The sessile state of plants forces them to adapt to a range of environmental stresses. The effect of thermal stress depends on plant tolerance and its ability to adapt quickly to suboptimal conditions, duration, and intensity. Genotype- and environment-dependent adaptive mechanisms ensure their ability to survive and produce under extreme conditions [16]. Plants have a complex set of sensors in different cellular compartments to activate their defense mechanisms as response to thermal stress. These sensors regulate responses to tolerance development. Thermal stimulus-induced response activation is enabled by the interaction of cofactors and signaling molecules capable of activating thermal stress-sensitive genes such as phytohormones, nitric oxide (NO), sugars (as signaling molecules), and Ca-dependent protein kinases (CDPKs) and mitogen-activated protein kinases (MAPK/MPKs) [17]. For example, the increase in membrane fluidity is associated with the activation of signaling cascades coupled to an increase in Ca²⁺ influx, with consequent cytoskeletal reorganization leading to osmolytes and antioxidants production in response to thermal stress [18].

Although stress-induced responses are usually multifaceted, life-cycle modification, protective morpho-physiological barriers activation (avoidance or acclimation mechanisms), and the molecular response (tolerance mechanisms) are typical plant reactions to heat stress. Common examples of avoidance and acclimation mechanisms include reducing the absorption of solar radiation by changing leaf orientation (paraheliotropism), reducing water loss by controlling stomatal density, reducing leaf size or abscission, and altering membrane phospholipids [16]. Plants exposed to high thermal stress activate their adaptive response by modifying their morpho-physiological, biochemical, and molecular properties [15,18]. Such stress alters photosynthetic and respiratory processes [19,20,21], impairs flowering and fructification [22,23], reduces enzymatic and chloroplastic activity [24,25], and promotes reactive oxygen species (ROSs) accumulation [26]. As illustrated by Hasanuzzaman et al. [16], high temperatures activate the transcription of heat stress-responsive genes, resulting in the synthesis of signaling molecules; osmoprotectants; nonenzymatic antioxidant compounds such as ascorbate (AsA), glutathione (GHS), tocopherol, and carotene; and enzymatic antioxidant compounds such as catalase (CAT), ascorbate peroxidase (APX), superoxide dismutase (SOD), peroxidase (POX), and glutathione reductase (GR).

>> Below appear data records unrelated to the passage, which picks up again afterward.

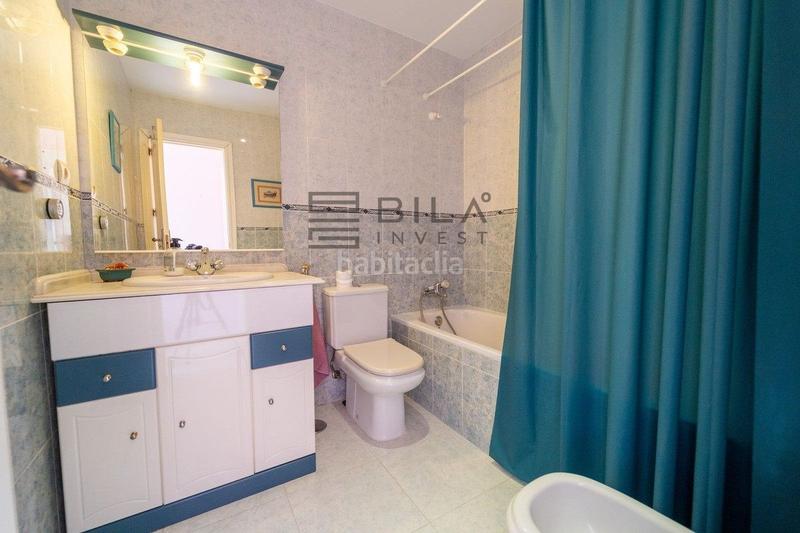 Foto 38d461b7-2d3b-4e71-80ab-84dff723ead4. Haus mit parking in Torreblanca del Sol Fuengirola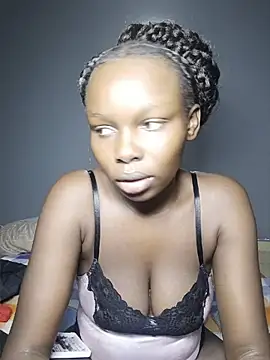 Sexymaurine online show from 06-16-26, 06:13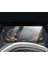 Bmw 2 Serisi Panel Ekran Koruyucu Film F44 F45 F46 1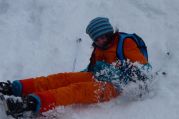 Schneeschuhwandern (41).jpg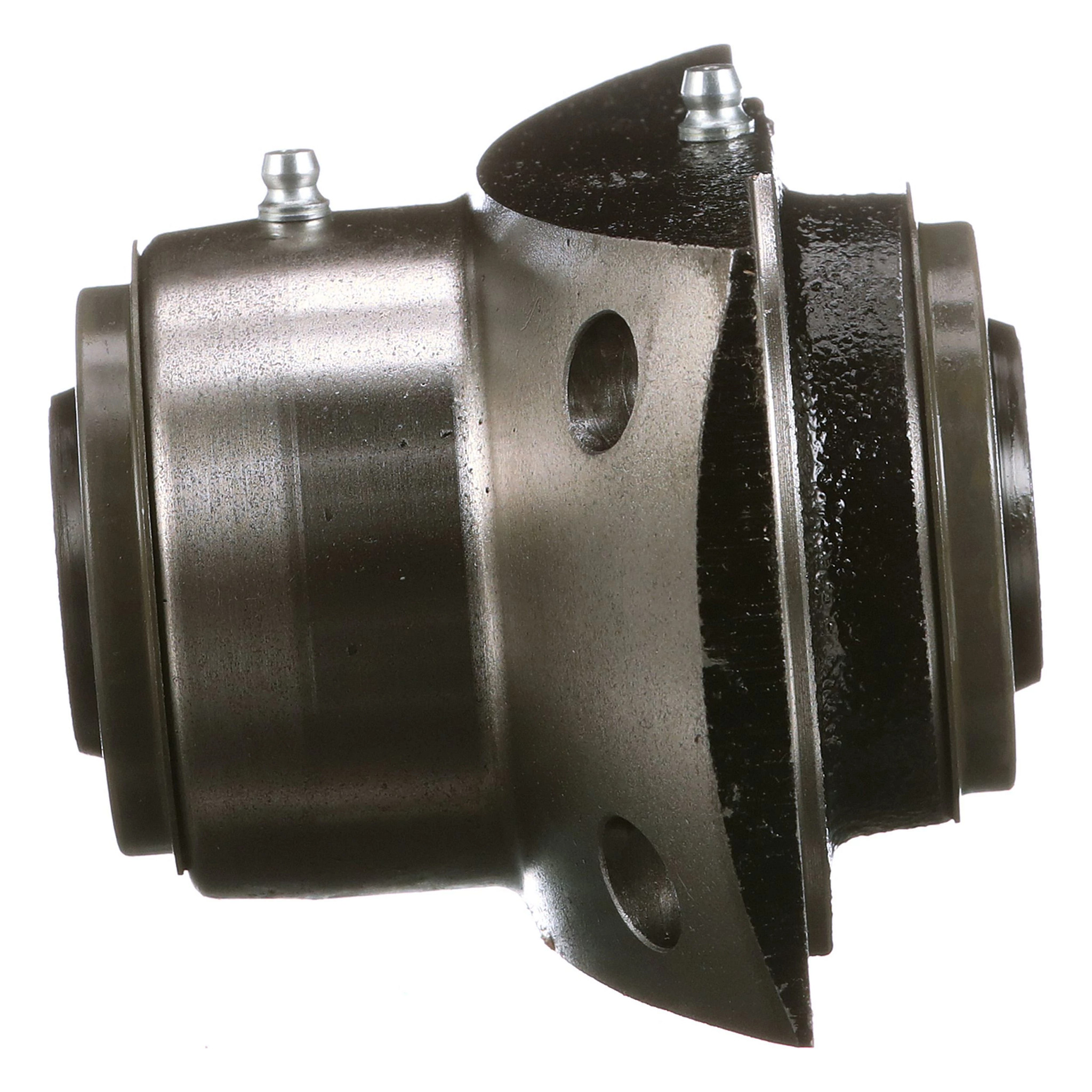 ROULEMENT | NEWHOLLANDAG | EU | IT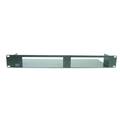 D-Link 2-Slot Redundant Power Supply Unit Open Chassis for DPS-200/300/500 DPS-800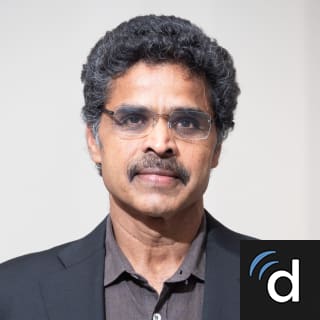 Sankar Adusumilli, MD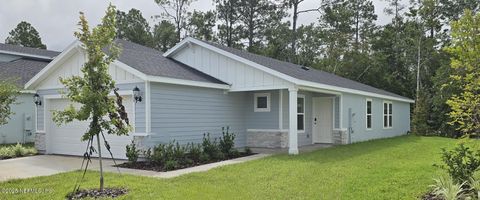 19 DILLY Court Palm Coast FL 32164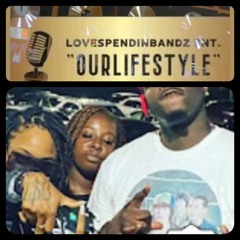 Love Spendin Bandz Entertainment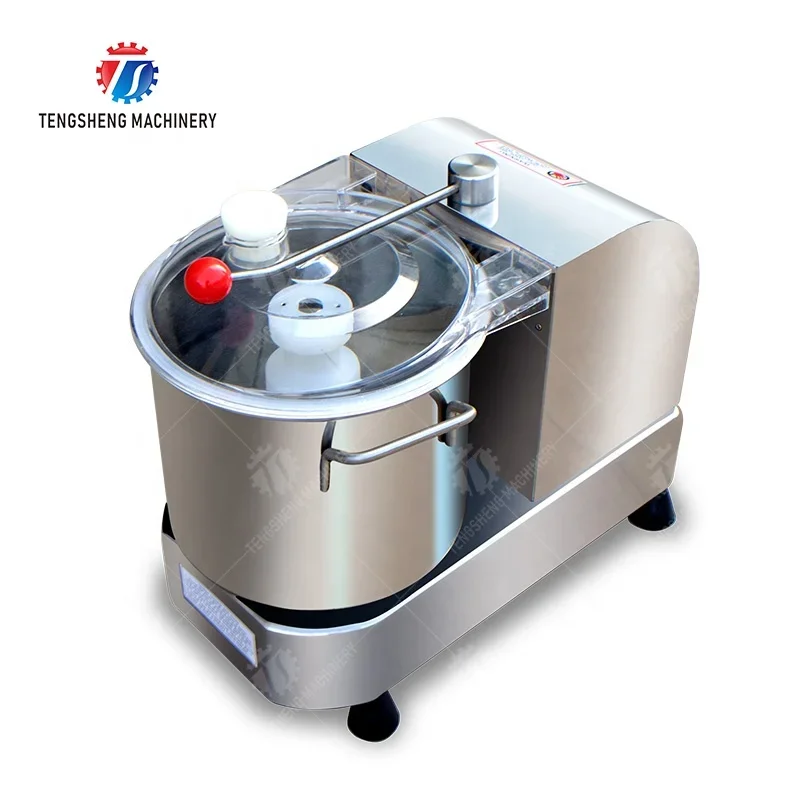 

Automatic Wasabi,Potato,Garlic,s Food Processing Commercial Food Churning Machine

Research demonstrated the effectiveness of fine-meshed screens in excluding harmful insects, in addition to the detrimental reduction in airflow due to their use. To date, the main aim of research was to increase airflow by enhancing the intrinsic netting characteristics and to improve growth conditions without affecting exclusion efficiency. However, due to the “antioxidant response” to oxidative stress, high temperatures can alter the intrinsic and extrinsic quality of vegetables, both positively and negatively. A recent study showed the effectiveness of insect nets in enhancing the quality of zucchini squash without affecting yield and, at the same time, ensuring early production [27]. To the best of our knowledge, despite relevant available research papers on the improved airflow of insect nets and their high-temperature effects on the production and quality of horticultural crops, the reviewed literature showed a gap of information in this field of research. The few available contributions suggest that further studies are required to relate the suboptimal growth environment of insect nets to the quality of the produced vegetables, regardless of their exclusion efficiency.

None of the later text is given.